Query with unique metadata filter.
Describe the problem
I can tell you where I need to do query for unique metadata.
- I am ingesting large document texts as embeddings into chromadb. I am creating chunks of tokens of these texts due to token limitation of embedding model. The token size is 512.
- I will be generating embeddings of these tokens but these chunks are of same document which is referred as doc_id.
- When I do query and if any of the chunk in this document is matched then i do not want any other chunk from same document. This ensures that one document chunk if matched then we do not search other chunks as it will be of same document.

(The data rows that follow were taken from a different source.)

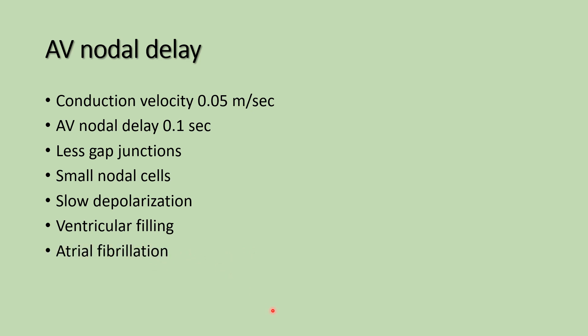And in conditions like atrial fibrillation, the AV nodal delay reduces the atrial impulses reaching the ventricle. So it is favorable for atrial fibrillation patients. In atrial fibrillation, atrial impulses are very high, but all the impulses do not reach the ventricle.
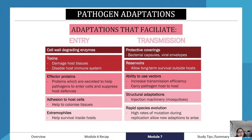Pathogens can also have effector proteins — proteins secreted to help pathogens enter the cell and suppress host defenses. In the case of COVID-19, effector proteins are used for the virus to fuse with and enter the host membrane, though many different proteins are involved in this process.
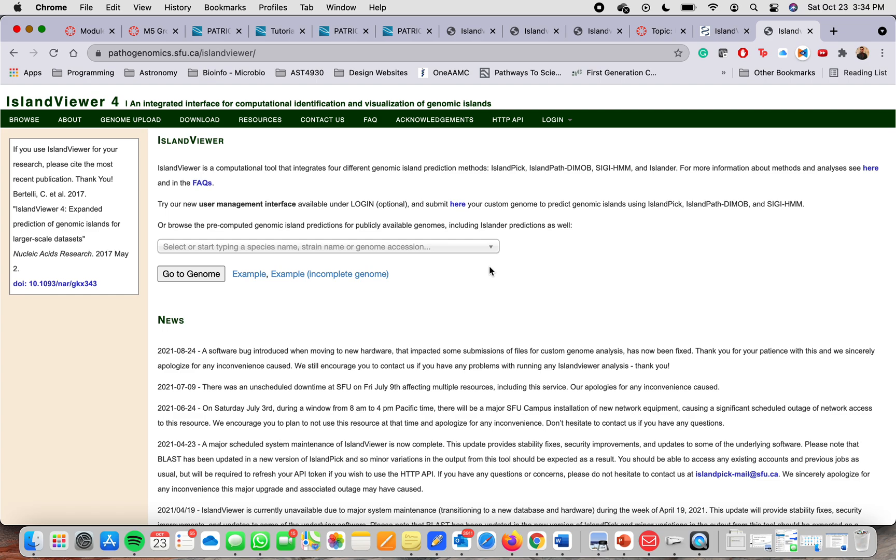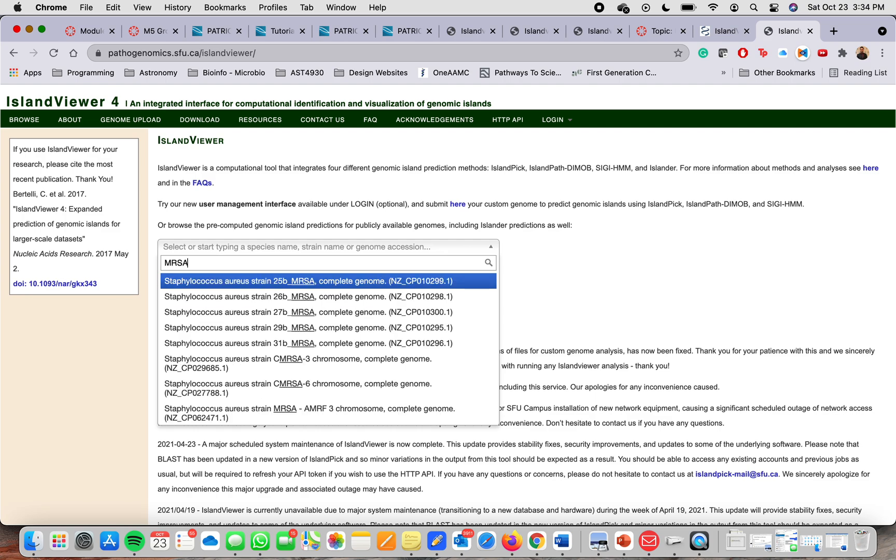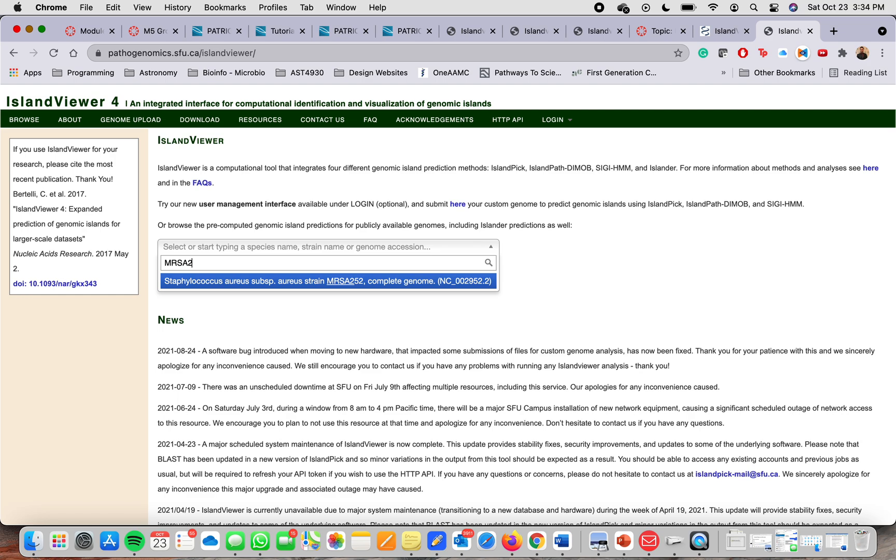So this is the main website of Island Viewer 4. If you're looking for a specific organism for the genome, what you can do is you can quickly type the name here. The first one that we will use is MRSA 252 and it will pop up right there.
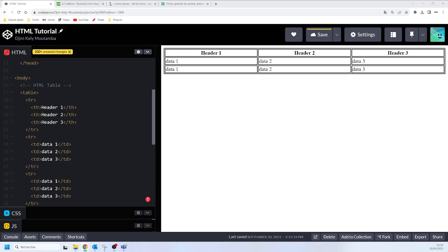Let's talk about HTML table colspan and rowspan. HTML tables can have cells that span over multiple rows or multiple columns. When you want your cell to span over multiple columns, you use the colspan attribute. If you want your cell to span over multiple rows, you use the rowspan attribute. In this video, we'll start with colspan.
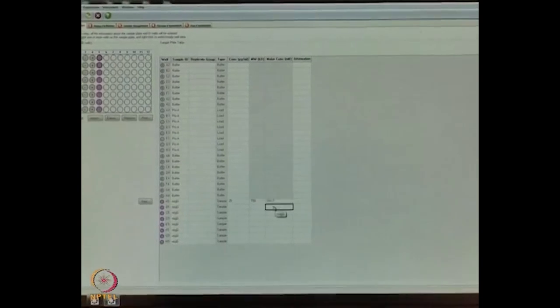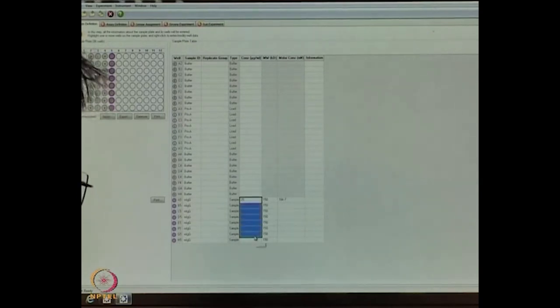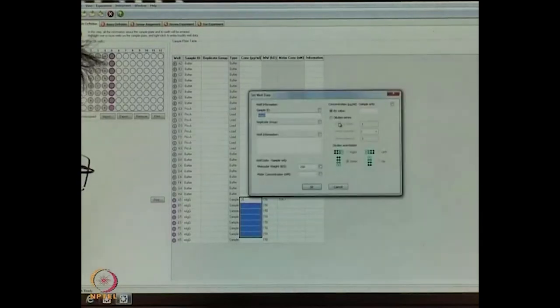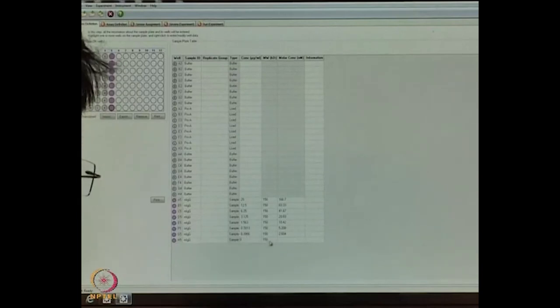I am using 25 µg/ml, and the molecular weight of the mouse monoclonal antibody is 150 kDa — the software automatically calculates this as 166.7 nM. I will copy this entry and perform a two-fold serial dilution: 25, 12.5, 6.25, 3.125, 1.56, and 0.7 µg/ml with corresponding nanomolar concentrations across 6 data points, with the last well set to zero concentration.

- I am planning to store the doc_id as metadata for all chunks.
- So I need a distinct query on metadata for doc_id. Currently I am doing manual filtering by keeping doc_id in set and then trying to check whether doc_id exists or not which is ineffiecient.
Describe the proposed solution
I tried something like collection.get(where={"$distinct": "doc_id"})
but this does not work. Also I have not found any reference of distinct in the chroma documentation.
Alternatives considered
Manually filtering document after checking the doc_id metadata exists or not.
Importance
would make my life easier
Additional Information
No response
@Mhsh
Which chunk would get returned when you use this "$distinct" operator?
Here's a suggestion:
- Add a metadata field for
order_in_docor something and then when you do your chunking/splitting, iterate through the chunks from one doc and setorder_in_docto an incrementing value (0,1,2,3,4, etc.). Then when you are searching you can include a filterorder_in_doc: 0, and this will include only the first chunk from any matching/similar doc. But, again, this depends how you want "$distinct" to work.
Hi, because where clause is pre-filtering, by allowing distinct, we'd be taking away the power of semantic search. For example: lets say for this query collection.query(query_text = ["hello world"], n_results=5, where={"key1":{"$eq": "value1"}}) the where filter narrowed the ids down to 20 where the key1 == value1. It then does vector search against those 20 IDs using the query_text to order them by distance. If we were to allow $distinct, the filter would instead allow only 1 ID. This may not even be one of the closest vectors to the query text.
What it sounds like you would like is post-filtering, where you compute a vector search, then of the n_results you get, you want to filter down to just 1 where the ID matches your specific query. Will close this thread here, and instead start a new one for post-query filtering.